The company has achieved its current size through a deliberate strategy of making acquisitions to increase its market share, and there is no end to that strategy in sight. SSA has just tied up the acquisition of CRM analytics specialist Epiphany, its eleventh acquisition since April 2001. At any one time it keeps a watching brief on 30 to 35 companies that are possible acquisition targets.

Although it gives nothing away about who its next targets might be, struggling supply chain vendors i2 or Manugistics could conceivably be on the list. You need two things for an acquisition to happen, said EVP Graeme Cooksley. A seller who is willing to sell and a buyer who is willing to buy. While neither company has declared itself for sale, their finances indicate that it would be prudent to look for an exit strategy, and SSA might just be the one to swoop, but only if the price is right. Manugistics in particular, with its optimization focus would complement SSA’s current SCM offerings.

However, in the current consolidation climate, growth by acquisition is not as straightforward as it used to be because the cost has mushroomed. SSA has paid an average of $37,000 per customer for its 13,000 acquired customers, while when Oracle acquired Retek it paid $2m per customer, said Mr Greenough. So while acquisitions at the right price will continue, SSA is shifting its game and putting more emphasis on extended solutions as opposed to products.

[Organizations will not] throw out SAP or Oracle and put in a replacement. That is anachronistic selling by anachronistic vendors. Companies already have ERP so you have to extend the solution, said Mr Greenough, referring to sales of enterprise applications such as CRM and SCM. This is where many of SSA’s acquisitions have been focused, and sales of its extended applications rose 62% year on year and now account for 22% of total revenue. Epiphany was an example of SSA extending its solution set to meet growing customer demand for CRM as its manufacturing client base sought to understand their customers’ customers. Having identified the need, SSA decided it was quicker to buy it than to develop it.

Technology is a commodity, so solutions matter. There will be fewer, bigger, more stable suppliers. Best-of-breed will only be boutique suppliers, said Mr Greenough. He also predicted that $250m will be the break point for the smaller companies. They will not do over $250m in annual revenue. If they do, we will squash them, he said. His rationale is that if the smaller vendors demonstrate there is a market and SSA has not got the functionality, it will go out and buy it.

The company is also changing the way it deals with customers. We need to be business advisers, not just come in and sell products. We have to earn the right to be a business adviser by understanding [customer] needs and giving value through a total solution, said Mr Cooksley. You keep customers by not sunsetting products but also by giving them value and the ROI to move forward.

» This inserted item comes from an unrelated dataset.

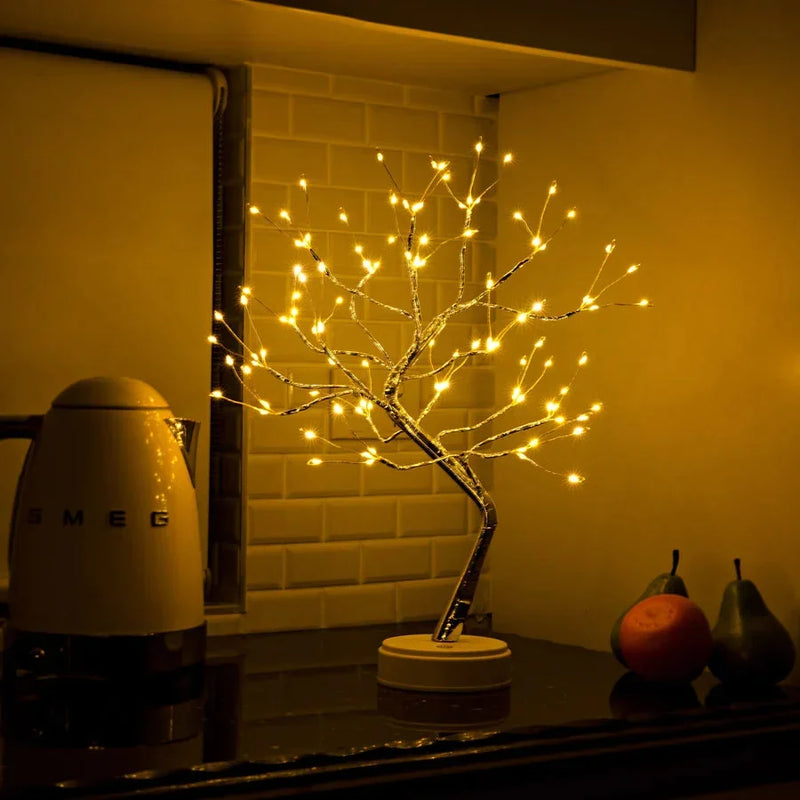 Brandende boomlamp op een keukenblad naast een waterkoker en twee peren met een sinaasappel 5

Practical moves to provide value include adding industry-specific people to marketing teams who will be able to use their expertise to put solutions together to address specific needs. Although SSA plans to increase its vertical market focus, it is not going down the road of building different versions for different industries because it wants to maintain the simplicity and cost-effectiveness of a single-core application, albeit within the bounds of its multiple product, multi-code base footprint. Vertical functionality is provided through optional service packs that can be tailored for specific industries.

It is also reorganizing around three geographies: the Americas, Asia-Pac and Japan, and EMEA, so it can provide a global structure with local understanding. Each region will have its own business consultants who will put together solutions according to local demand, based on collaboration with industry specialists and customers. They will also work with the services delivery team. SSA’s aim is to create one coherent supply line and minimize the risk of gaps and inconsistencies along the way.

One new area of activity is managed application services where SSA will take on responsibility for SSA applications, taking a customer’s SSA environment into its own Indian data centers. However, the company stressed that its business will be applications management, not infrastructure management.